> YOUR OBJECTIVE
Please restate each line of the data below exactly. Omit all images.

> PROVIDED RECORDS
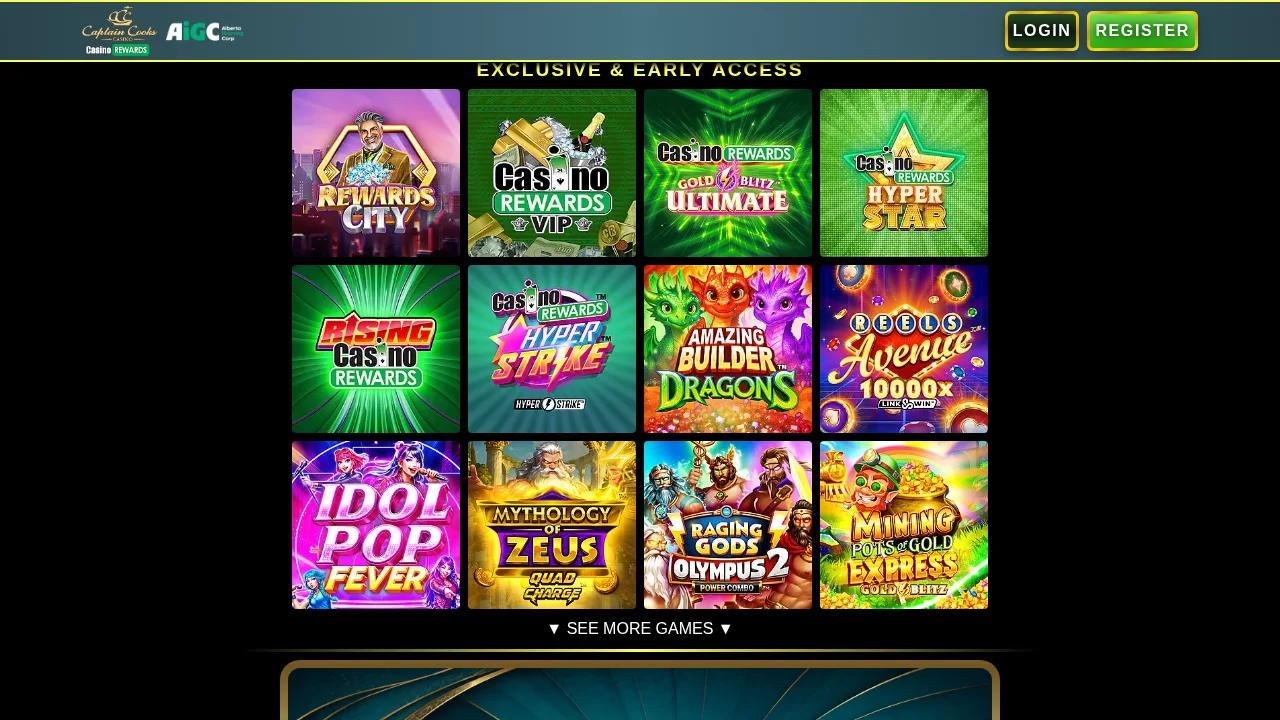 Captain Cooks Casino homepage seen on the Alberta site
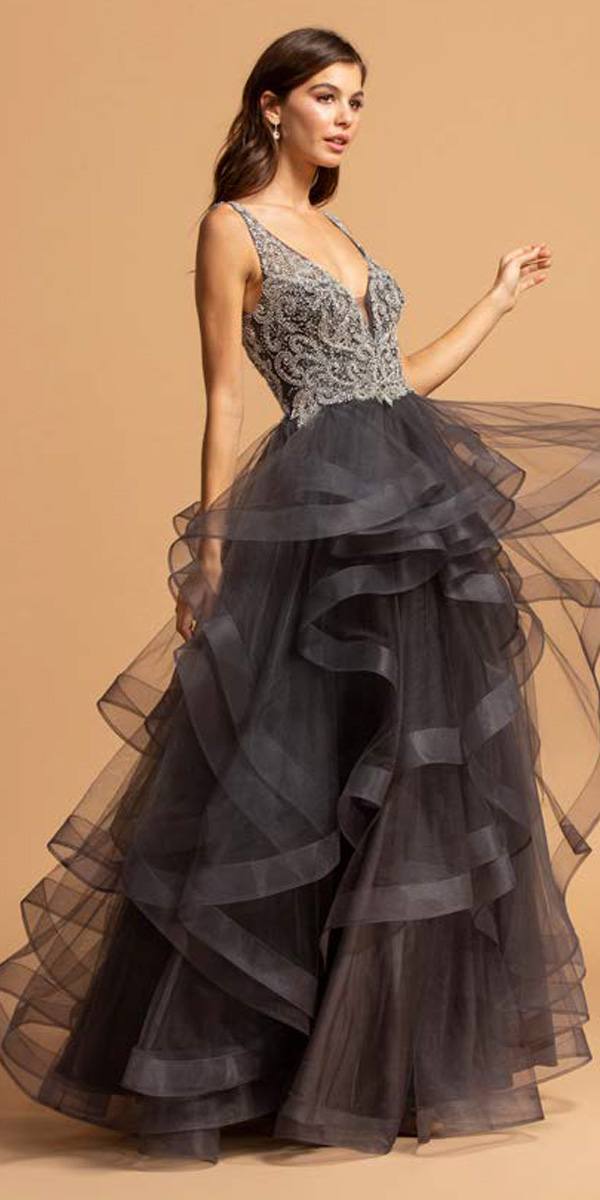 L1973 Charcoal V-Neck Tiered Long Prom Dress Beaded Bodice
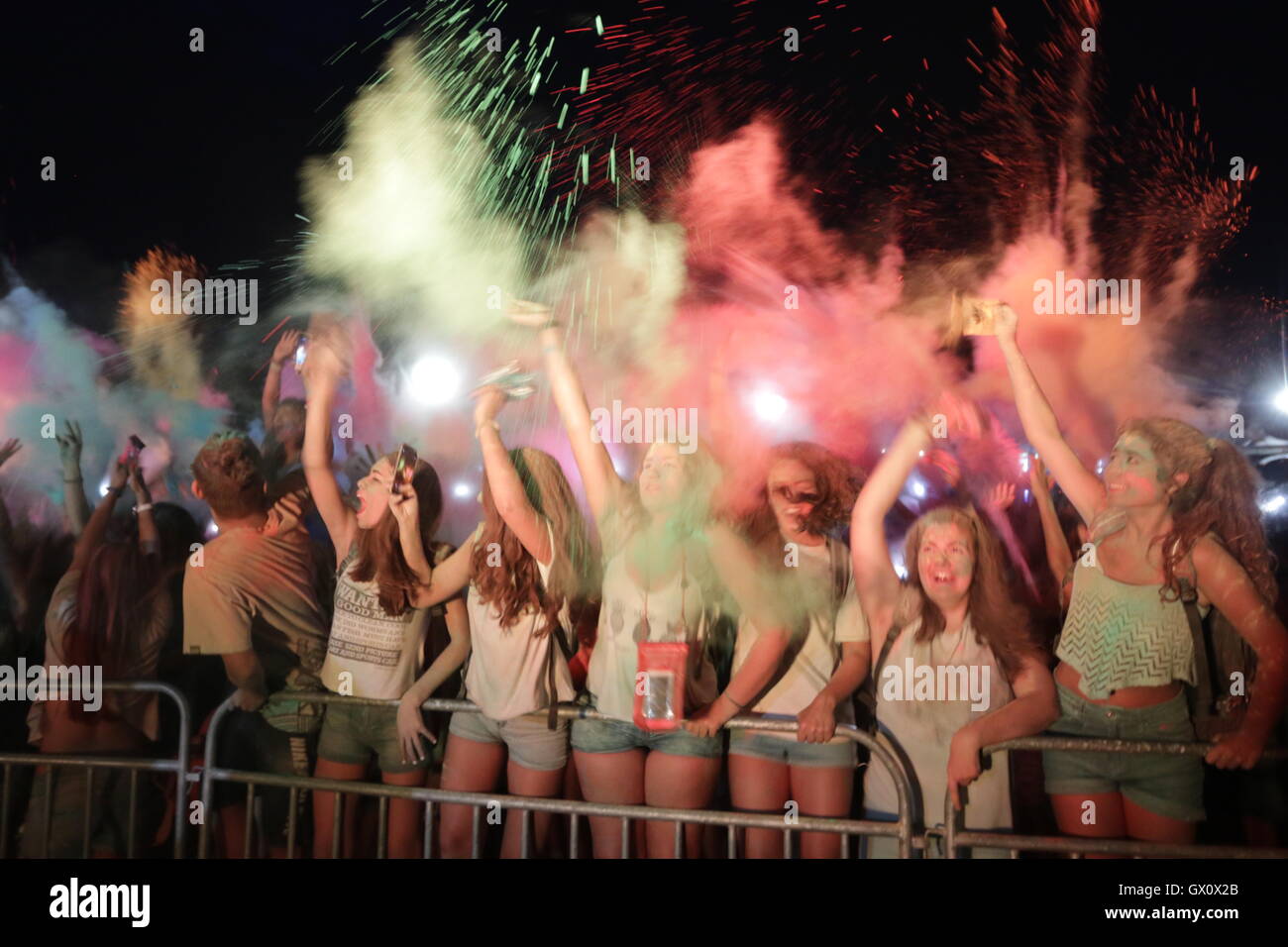 Festival di colori, di Fragma Thermis, Salonicco, Grecia. Foto Stock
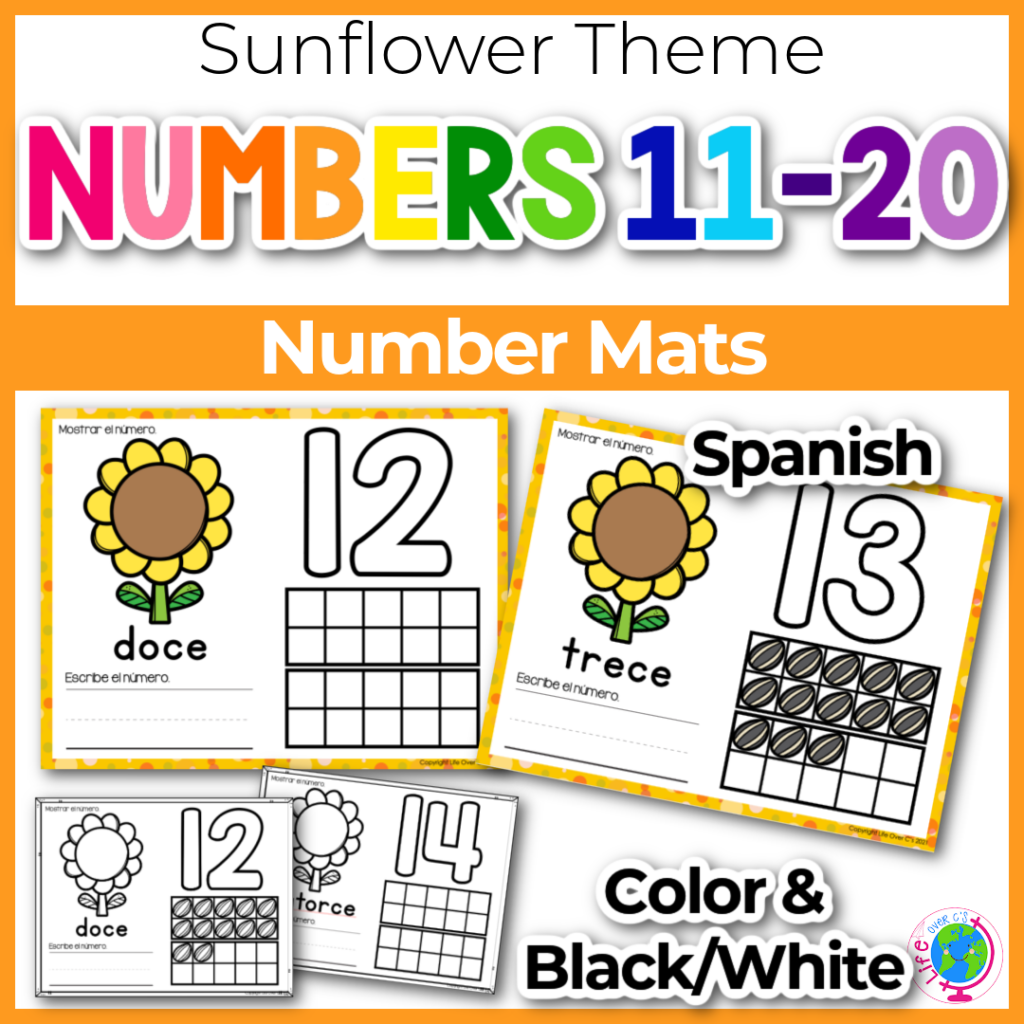 Sunflower theme numbers 11-20 number mats Spanish version
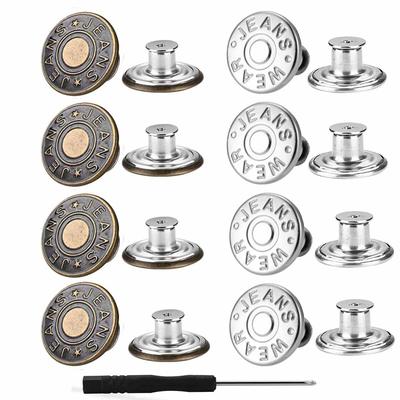 8PCS Replacement Buttons for Jeans,17mm Adjustable Metal Pants Tightener,No-Sew Nailess Removable Replacement,Reusable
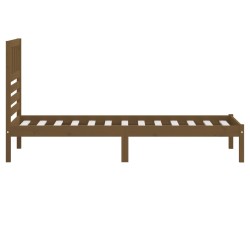 Cadre de lit sans matelas marron miel pin massif 100x200 cm 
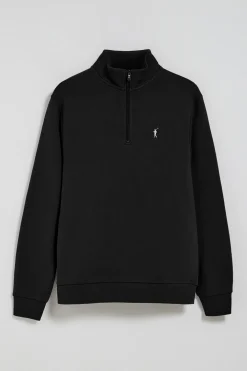 Sudadera de media cremallera negra con logo bordado Rigby Go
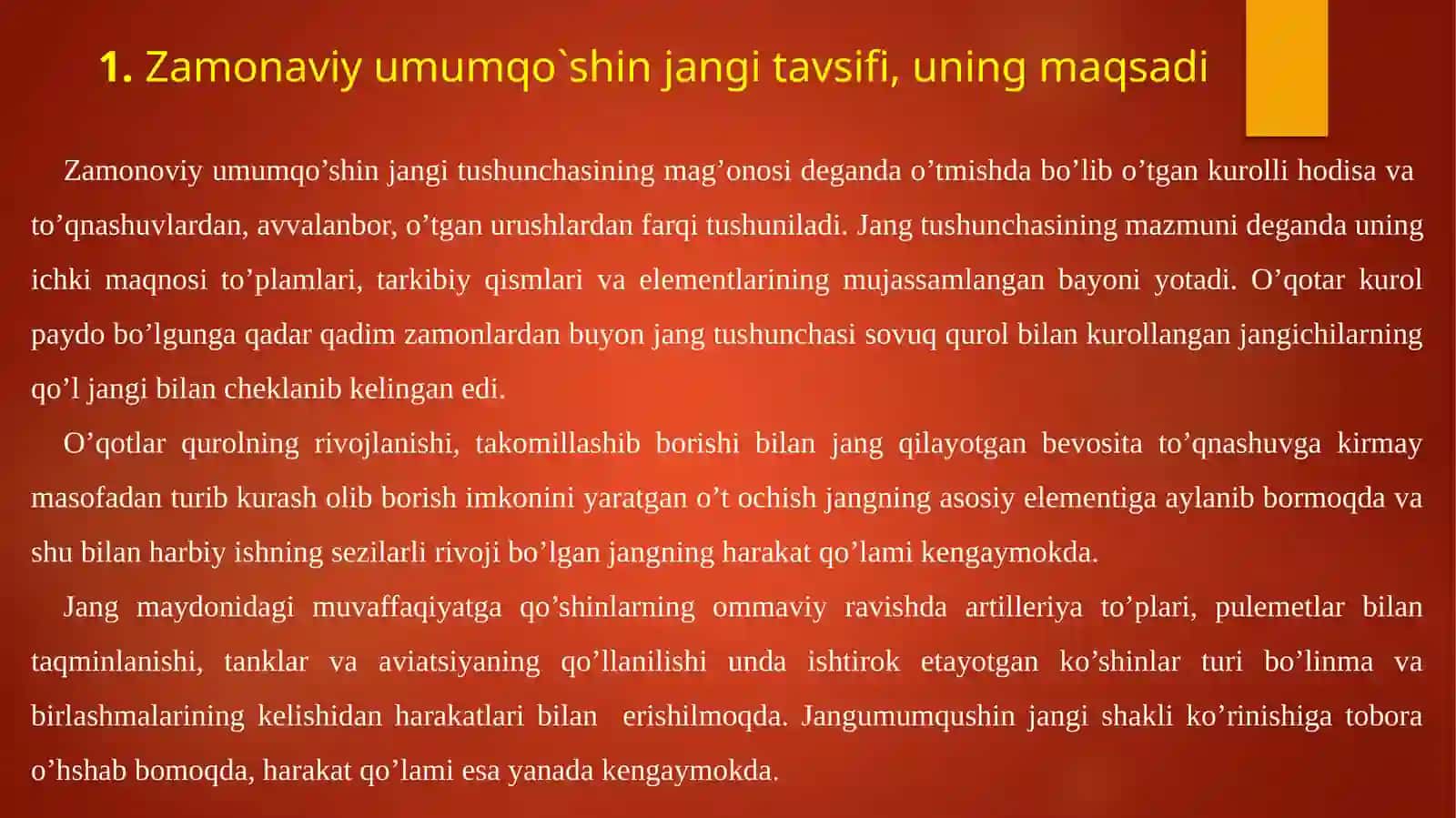 Askarning jangdagi majburyatlari, shaxsiy qurol va ekipirovkasi ta'limi 3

> EXERCISE SOLUTION
 Captain Cooks Casino homepage seen on the Alberta site
 L1973 Charcoal V-Neck Tiered Long Prom Dress Beaded Bodice
 Festival di colori, di Fragma Thermis, Salonicco, Grecia. Foto Stock
 Sunflower theme numbers 11-20 number mats Spanish version
 8PCS Replacement Buttons for Jeans,17mm Adjustable Metal Pants Tightener,No-Sew Nailess Removable Replacement,Reusable
 Cadre de lit sans matelas marron miel pin massif 100x200 cm 
 Sudadera de media cremallera negra con logo bordado Rigby Go
 Askarning jangdagi majburyatlari, shaxsiy qurol va ekipirovkasi ta'limi 3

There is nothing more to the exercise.